Timing is important too. If the programming is due to launch say in September, the schedule would look like this:

  • orders will need to be placed in April at the latest, to allow for purchase of raw materials (say 4 weeks)
  • production (say 4 weeks),
  • shipment from the country of manufacture (Say 6 weeks),
  • distribution from the port to the retailer (say 1 week).

So lead time of about 15 weeks.

If firm orders are collated and placed at the end of April, then deliveries will begin to the retailer at the end of August, just in time for the programming to air, or the Film release, at the beginning of September

Until this point no one has an idea what demand will be. As sales begin, retailers will quickly adjust their estimates and may soon want to double (or halve) their estimate and place a large repeat order for immediate delivery, or defer planned deliveries.

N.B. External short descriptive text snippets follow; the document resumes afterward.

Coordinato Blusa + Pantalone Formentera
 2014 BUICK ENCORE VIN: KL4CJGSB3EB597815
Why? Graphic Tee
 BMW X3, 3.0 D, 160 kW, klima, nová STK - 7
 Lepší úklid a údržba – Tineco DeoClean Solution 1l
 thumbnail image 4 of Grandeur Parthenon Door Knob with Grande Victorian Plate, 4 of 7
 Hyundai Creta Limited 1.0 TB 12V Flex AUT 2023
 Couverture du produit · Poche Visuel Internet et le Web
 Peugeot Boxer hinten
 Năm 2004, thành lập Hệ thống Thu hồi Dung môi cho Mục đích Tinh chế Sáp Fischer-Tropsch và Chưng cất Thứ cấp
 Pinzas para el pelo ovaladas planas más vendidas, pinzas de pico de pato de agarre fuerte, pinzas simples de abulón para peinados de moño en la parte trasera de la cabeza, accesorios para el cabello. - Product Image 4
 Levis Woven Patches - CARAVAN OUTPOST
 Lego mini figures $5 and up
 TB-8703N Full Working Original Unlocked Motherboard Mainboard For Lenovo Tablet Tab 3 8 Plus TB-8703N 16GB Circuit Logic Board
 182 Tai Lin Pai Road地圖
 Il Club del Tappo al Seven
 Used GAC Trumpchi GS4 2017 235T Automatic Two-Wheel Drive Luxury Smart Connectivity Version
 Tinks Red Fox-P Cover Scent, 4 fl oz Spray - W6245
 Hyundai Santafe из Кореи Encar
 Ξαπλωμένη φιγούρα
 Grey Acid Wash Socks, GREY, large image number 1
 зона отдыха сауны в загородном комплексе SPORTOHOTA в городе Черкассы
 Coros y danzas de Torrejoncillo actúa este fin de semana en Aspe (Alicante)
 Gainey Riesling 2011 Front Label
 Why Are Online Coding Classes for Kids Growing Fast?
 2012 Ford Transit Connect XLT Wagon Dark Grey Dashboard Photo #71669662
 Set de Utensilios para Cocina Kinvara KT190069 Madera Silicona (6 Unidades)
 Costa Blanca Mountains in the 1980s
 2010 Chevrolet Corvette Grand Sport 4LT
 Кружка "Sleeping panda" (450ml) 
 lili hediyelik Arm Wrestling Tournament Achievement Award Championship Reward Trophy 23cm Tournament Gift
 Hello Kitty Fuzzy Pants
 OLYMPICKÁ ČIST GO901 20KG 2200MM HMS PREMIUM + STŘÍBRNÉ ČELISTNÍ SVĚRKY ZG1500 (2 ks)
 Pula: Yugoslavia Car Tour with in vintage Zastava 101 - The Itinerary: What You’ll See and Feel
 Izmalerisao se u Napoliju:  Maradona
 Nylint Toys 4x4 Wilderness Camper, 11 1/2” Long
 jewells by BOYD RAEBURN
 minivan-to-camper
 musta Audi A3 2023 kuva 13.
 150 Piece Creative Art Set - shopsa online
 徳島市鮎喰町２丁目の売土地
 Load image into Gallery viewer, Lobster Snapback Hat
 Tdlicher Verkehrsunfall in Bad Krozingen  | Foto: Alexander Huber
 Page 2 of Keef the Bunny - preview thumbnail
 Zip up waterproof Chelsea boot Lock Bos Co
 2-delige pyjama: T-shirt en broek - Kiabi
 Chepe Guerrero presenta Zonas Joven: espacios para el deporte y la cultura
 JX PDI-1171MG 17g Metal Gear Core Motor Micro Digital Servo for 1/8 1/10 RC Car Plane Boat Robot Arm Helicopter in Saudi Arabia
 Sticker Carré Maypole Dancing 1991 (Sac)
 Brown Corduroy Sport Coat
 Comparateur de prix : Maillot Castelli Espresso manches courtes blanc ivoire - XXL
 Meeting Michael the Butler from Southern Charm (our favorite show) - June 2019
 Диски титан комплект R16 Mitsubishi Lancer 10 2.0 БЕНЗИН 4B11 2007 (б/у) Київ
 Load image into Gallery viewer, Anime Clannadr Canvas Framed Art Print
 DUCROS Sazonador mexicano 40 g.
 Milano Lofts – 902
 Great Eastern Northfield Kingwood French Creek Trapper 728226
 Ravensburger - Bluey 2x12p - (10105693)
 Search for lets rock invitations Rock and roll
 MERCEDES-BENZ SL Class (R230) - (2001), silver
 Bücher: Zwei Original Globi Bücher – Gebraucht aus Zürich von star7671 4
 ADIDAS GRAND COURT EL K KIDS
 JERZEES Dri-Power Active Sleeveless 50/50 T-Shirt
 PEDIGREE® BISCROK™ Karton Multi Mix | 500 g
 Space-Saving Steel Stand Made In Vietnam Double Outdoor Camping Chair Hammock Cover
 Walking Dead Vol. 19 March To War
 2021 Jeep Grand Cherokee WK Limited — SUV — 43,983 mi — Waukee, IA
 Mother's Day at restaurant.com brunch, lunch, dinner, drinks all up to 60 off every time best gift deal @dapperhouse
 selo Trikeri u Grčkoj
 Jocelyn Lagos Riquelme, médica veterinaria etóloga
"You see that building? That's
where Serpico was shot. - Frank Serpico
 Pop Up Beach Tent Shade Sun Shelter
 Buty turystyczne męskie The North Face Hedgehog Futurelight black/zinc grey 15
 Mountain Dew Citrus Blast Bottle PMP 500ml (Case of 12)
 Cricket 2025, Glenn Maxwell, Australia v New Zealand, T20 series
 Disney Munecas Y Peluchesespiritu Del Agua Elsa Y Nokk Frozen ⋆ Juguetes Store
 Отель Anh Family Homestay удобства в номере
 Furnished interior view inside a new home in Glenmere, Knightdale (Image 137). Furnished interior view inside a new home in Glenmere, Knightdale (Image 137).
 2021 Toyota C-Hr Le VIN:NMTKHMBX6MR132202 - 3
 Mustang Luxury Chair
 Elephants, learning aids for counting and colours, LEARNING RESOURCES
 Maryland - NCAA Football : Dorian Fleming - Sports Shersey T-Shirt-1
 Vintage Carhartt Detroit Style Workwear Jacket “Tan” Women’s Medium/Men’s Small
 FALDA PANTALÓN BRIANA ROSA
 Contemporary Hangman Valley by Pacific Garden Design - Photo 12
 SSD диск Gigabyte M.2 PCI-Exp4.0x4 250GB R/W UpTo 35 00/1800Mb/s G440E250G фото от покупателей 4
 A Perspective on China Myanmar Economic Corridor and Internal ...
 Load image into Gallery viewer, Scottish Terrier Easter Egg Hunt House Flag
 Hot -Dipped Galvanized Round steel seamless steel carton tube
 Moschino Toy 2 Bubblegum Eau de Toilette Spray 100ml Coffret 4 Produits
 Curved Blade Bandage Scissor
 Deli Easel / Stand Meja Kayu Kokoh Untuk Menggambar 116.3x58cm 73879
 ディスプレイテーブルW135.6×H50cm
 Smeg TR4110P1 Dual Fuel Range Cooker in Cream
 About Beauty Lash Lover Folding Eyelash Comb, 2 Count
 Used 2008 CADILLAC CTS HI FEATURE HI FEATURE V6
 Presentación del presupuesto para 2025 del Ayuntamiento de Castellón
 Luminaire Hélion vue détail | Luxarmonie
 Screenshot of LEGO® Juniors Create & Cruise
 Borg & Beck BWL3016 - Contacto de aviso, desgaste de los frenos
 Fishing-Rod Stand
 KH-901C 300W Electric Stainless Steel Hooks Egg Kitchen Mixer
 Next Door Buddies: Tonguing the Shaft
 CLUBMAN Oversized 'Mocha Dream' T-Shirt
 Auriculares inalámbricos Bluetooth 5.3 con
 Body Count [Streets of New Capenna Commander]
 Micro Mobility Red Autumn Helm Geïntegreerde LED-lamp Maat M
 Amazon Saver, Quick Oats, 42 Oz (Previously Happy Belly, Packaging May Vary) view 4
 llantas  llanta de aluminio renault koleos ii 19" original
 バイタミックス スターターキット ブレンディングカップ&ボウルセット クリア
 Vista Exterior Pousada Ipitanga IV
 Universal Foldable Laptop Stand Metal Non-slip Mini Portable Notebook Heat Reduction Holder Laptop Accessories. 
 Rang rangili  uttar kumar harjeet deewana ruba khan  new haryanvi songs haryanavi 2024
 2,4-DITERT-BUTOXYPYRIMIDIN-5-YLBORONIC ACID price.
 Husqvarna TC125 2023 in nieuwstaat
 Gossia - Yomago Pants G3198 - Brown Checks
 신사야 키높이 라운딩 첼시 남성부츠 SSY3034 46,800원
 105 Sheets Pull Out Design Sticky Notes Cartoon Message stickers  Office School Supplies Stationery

In the meantime the manufacturer has probably placed the balance of the retailer’s orders into production, Remember they only committed to about 35% of their estimate. So the crunch point is did the manufacturer place the balance of everyone’s estimate into production? Or did they decide to play it a bit tight until they saw some sales figures. In any event they are unlikely to have shipped the entire estimates, and will have some product still in production.

They would be taking the risk of the price of the inventory, with no firm orders and no sales history. Even if they did place all the production, if one retailer suddenly wants to multiply their estimate by a factor of 3, 5 or 10, they all will. If one wants to cancel or defer deliveries, they all will.

The manufacturer almost certainly can’t step up production to a new rate. They will have problems with raw materials, factory capacity, and availability of tooling to run a second production line. It may be difficult to book shipments closer to the holiday season.

And, once the scheduled programming stops, which may be after a twelve week run, will the programming be rescheduled? Will the demand hold up or will product that arrives in December or January be surplus to requirements? If demand for a product like that dies, you can’t give the stock away. There are some landfill sites with this type of product buried in them!!

So it is not surprising that retailers struggle to “have the right product, in the right place, at the right time, at the right price “.As you have seen, it is easier said than done to manage stock.

Loom Band Craze

Another recent popular product which was a flash craze was Loom Bands.

The loom bands demand is a different story, and this neatly illustrates the solution. A loom band is essentially a rubber band.

The original product was the Rainbow Loom, voted Toy of the Year at the New York Toy Fair In February 2014. It was a craft kit, for children to make their own bracelets, hair accessories and even sandals .The kit basically consisted of hundreds of brightly coloured rubber bands, developed in Detroit and manufactured in China.

But although the original kit was branded, unscrupulous companies soon began to copy the idea, offering unbranded or own brand versions. Additionally the product is quick to manufacture, and light enough to air freight rather than ship by sea.

So in this case demand was satisfied and the market was saturated, because the barriers to entry were so low.